• [INSTRUCTIONS FOR THE TASK] The required output is the lines below from the line containing "Organiza CEJUM emprendimiento" to the line containing "Sara Apartmant Trogir-dragulin", inclusive, retyped exactly. No other lines belong in it.

• [DATASET RECORDS]
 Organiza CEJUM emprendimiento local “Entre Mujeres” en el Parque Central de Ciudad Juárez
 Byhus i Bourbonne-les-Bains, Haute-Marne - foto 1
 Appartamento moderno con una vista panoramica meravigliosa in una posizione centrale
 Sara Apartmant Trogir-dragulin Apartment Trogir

==

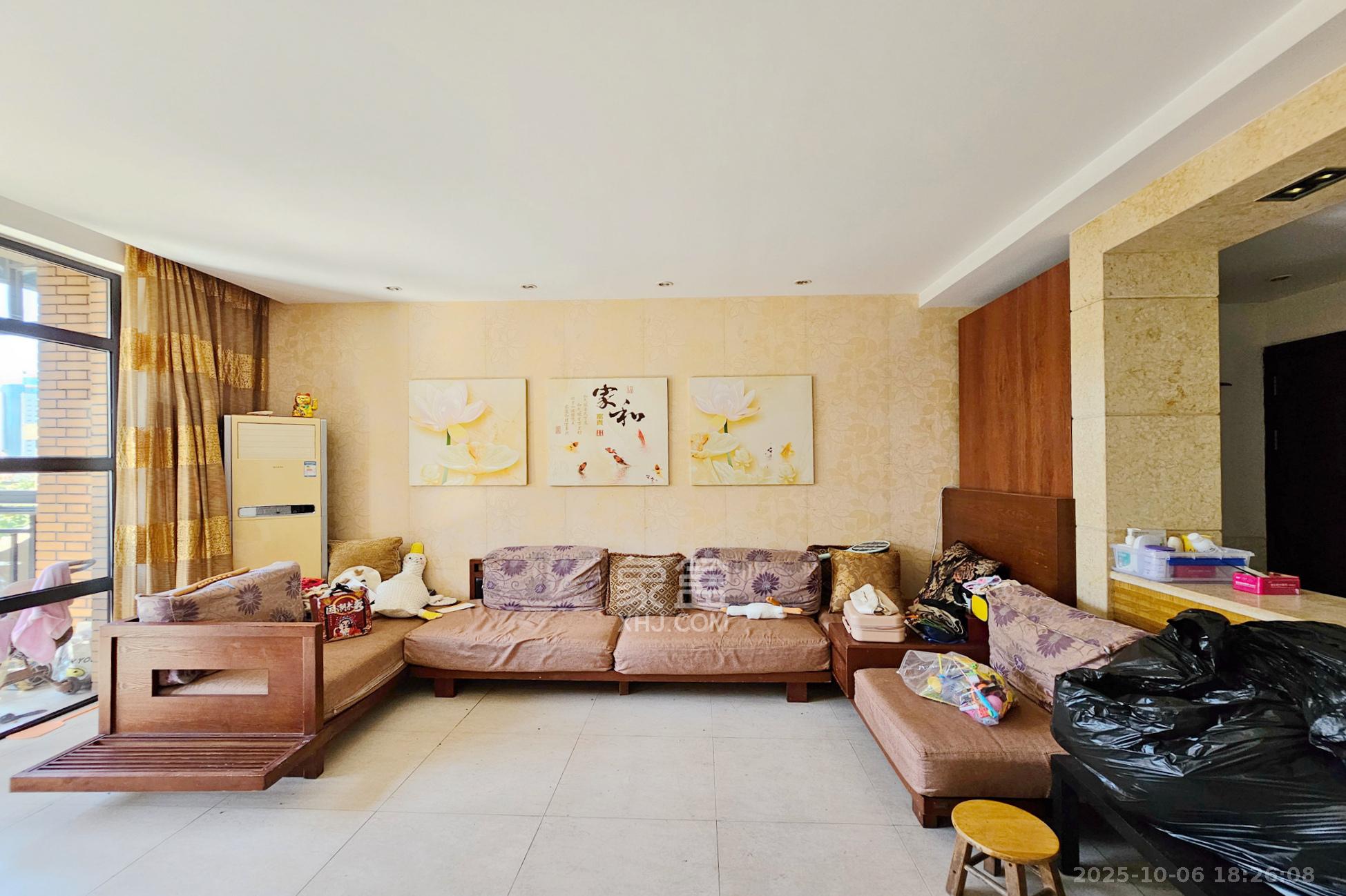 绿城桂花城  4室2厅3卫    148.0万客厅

• [EXERCISE RESPONSE]
 Organiza CEJUM emprendimiento local “Entre Mujeres” en el Parque Central de Ciudad Juárez
 Byhus i Bourbonne-les-Bains, Haute-Marne - foto 1
 Appartamento moderno con una vista panoramica meravigliosa in una posizione centrale
 Sara Apartmant Trogir-dragulin Apartment Trogir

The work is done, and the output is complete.